Your task is to retype the lines from the opening of the material through the line that includes "El edificio se". Do not copy the pictures.

GIVEN RECORDS:
- - - - -
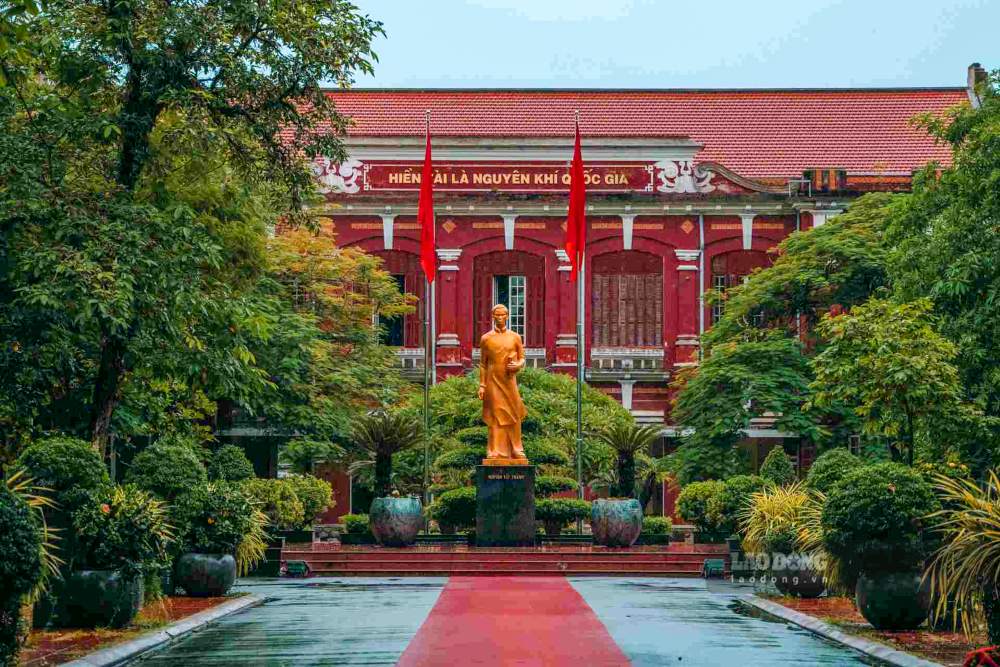 Tuong “cuu hoc sinh Nguyen Ai Quoc” dat trang trong giua san truong. Phia sau la day lop hoc co co in dong chu vang noi tieng: “Hien tai la nguyen khi Quoc gia”.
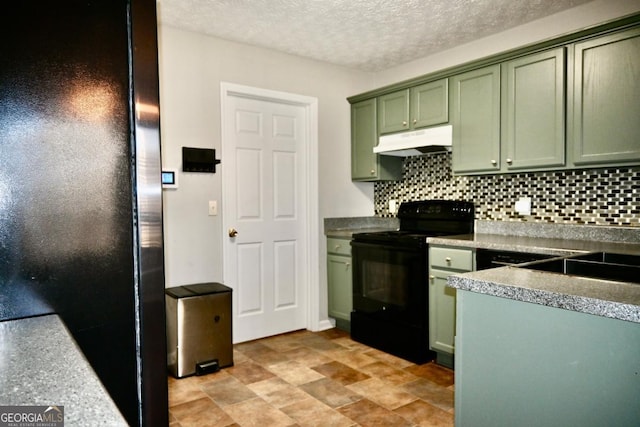 kitchen with a textured ceiling, under cabinet range hood, green cabinets, decorative backsplash, and black appliances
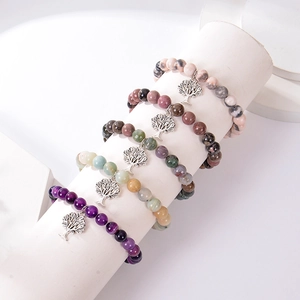 Detail view of tree of life charm bracelets with natural stone beads on a display stand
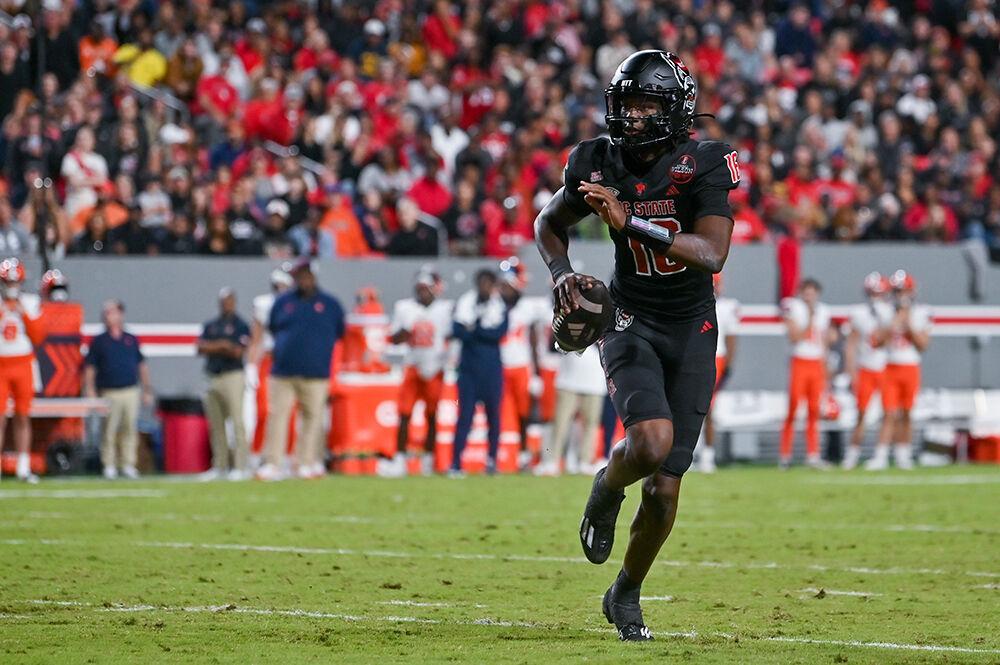 Freshman quarterback CJ Bailey looks to throw the ball during the game against Syracuse in Carter-Finley Stadium on Saturday, Oct. 12, 2024. Bailey threw for 329 yards and two touchdowns. The Orange defeated the Wolfpack 24-17.
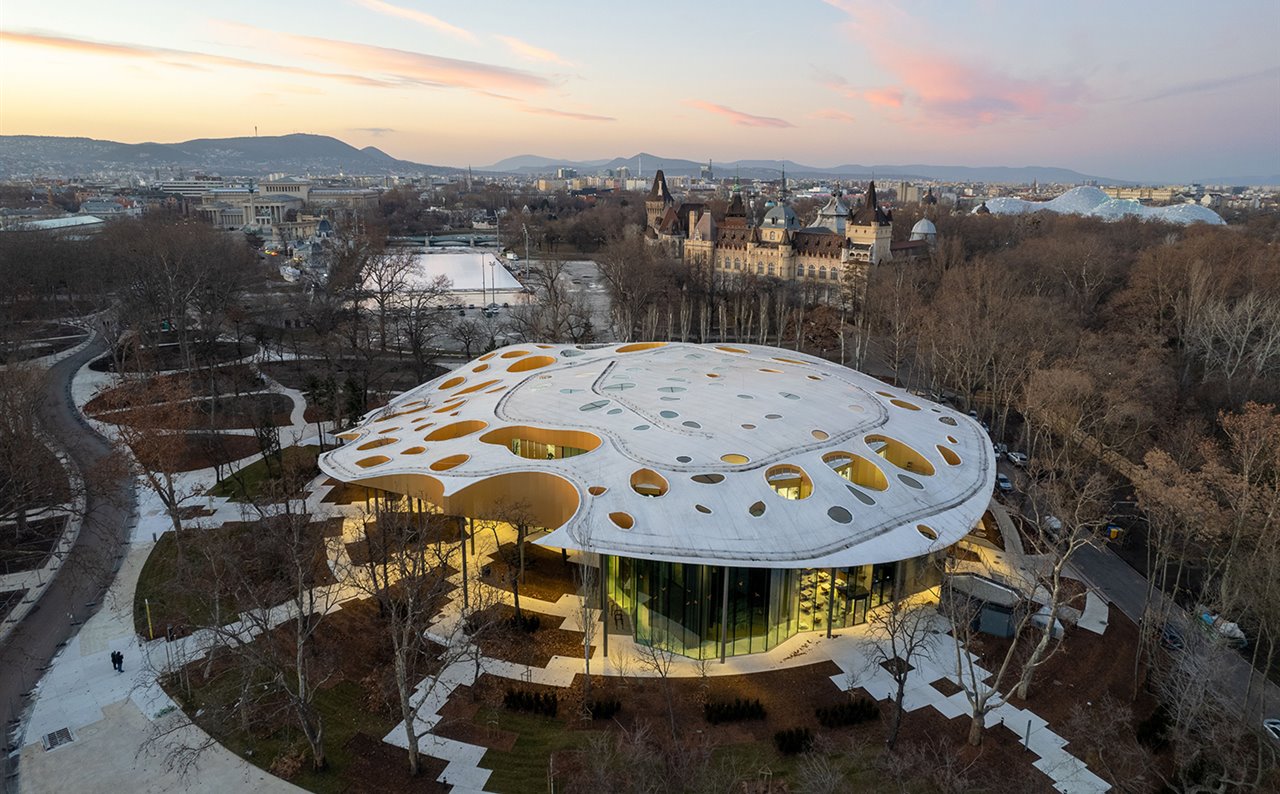 El edificio se ubica en el City Park, el parque central de Budapest, y se caracteriza por su cubierta ondulada y perforada.
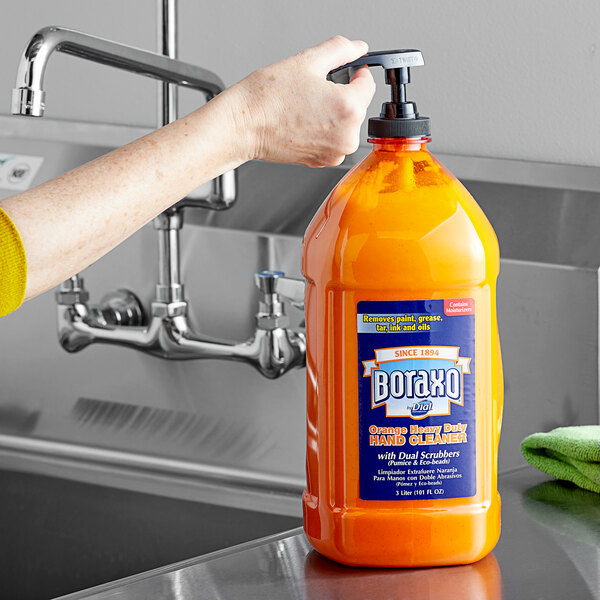 A hand holding a bottle of Dial Boraxo heavy-duty liquid hand soap with an orange label and pump.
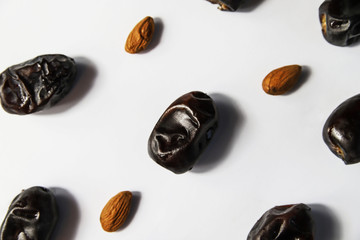 Dried dates fruits with almond on white background. Minimal healthy sweet food, studio shooting, flat lay, top view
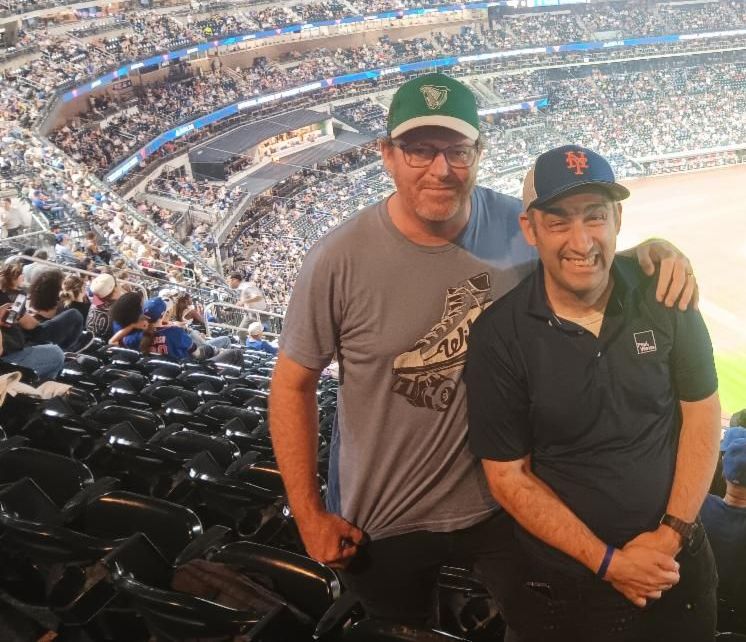 Josh and Rob are in the stands of the ballfield with the playing field behind them.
- - - - -
SOLUTION TO THIS EXERCISE:
 Tuong “cuu hoc sinh Nguyen Ai Quoc” dat trang trong giua san truong. Phia sau la day lop hoc co co in dong chu vang noi tieng: “Hien tai la nguyen khi Quoc gia”.
 kitchen with a textured ceiling, under cabinet range hood, green cabinets, decorative backsplash, and black appliances
 Detail view of tree of life charm bracelets with natural stone beads on a display stand
 Freshman quarterback CJ Bailey looks to throw the ball during the game against Syracuse in Carter-Finley Stadium on Saturday, Oct. 12, 2024. Bailey threw for 329 yards and two touchdowns. The Orange defeated the Wolfpack 24-17.
 El edificio se ubica en el City Park, el parque central de Budapest, y se caracteriza por su cubierta ondulada y perforada.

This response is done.